▸ **Input data**:
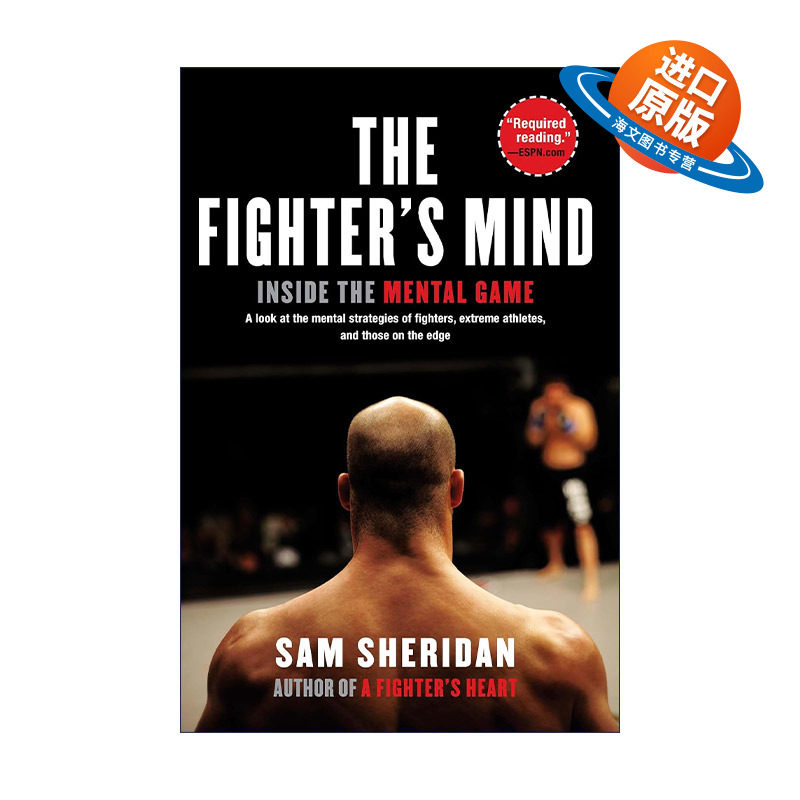 英文原版 The Fighter's Mind 斗士的头脑 心理游戏内幕 柔术 拳击 摔跤 运动 Sam Sheridan 英文版 进口英语原版书籍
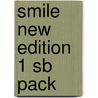 Smile New Edition 1 Sb Pack by Pritchard Et Al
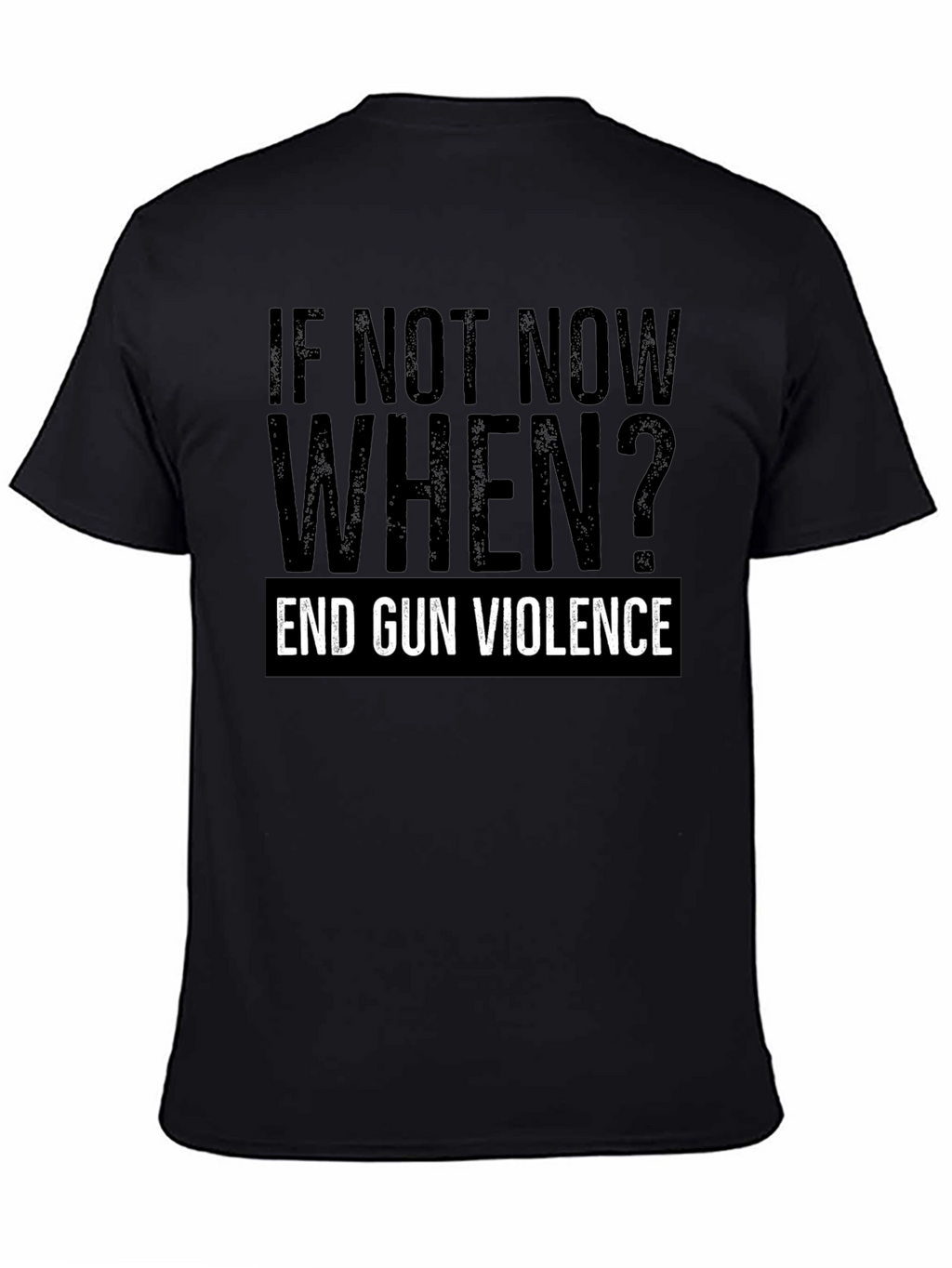 If Not Now When? End Gun Violence Graphic Tee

▸ **What this task involves**:
All of the data is to be transcribed exactly, with images omitted.

▸ **Reply**:
 英文原版 The Fighter's Mind 斗士的头脑 心理游戏内幕 柔术 拳击 摔跤 运动 Sam Sheridan 英文版 进口英语原版书籍
 Smile New Edition 1 Sb Pack by Pritchard Et Al
 If Not Now When? End Gun Violence Graphic Tee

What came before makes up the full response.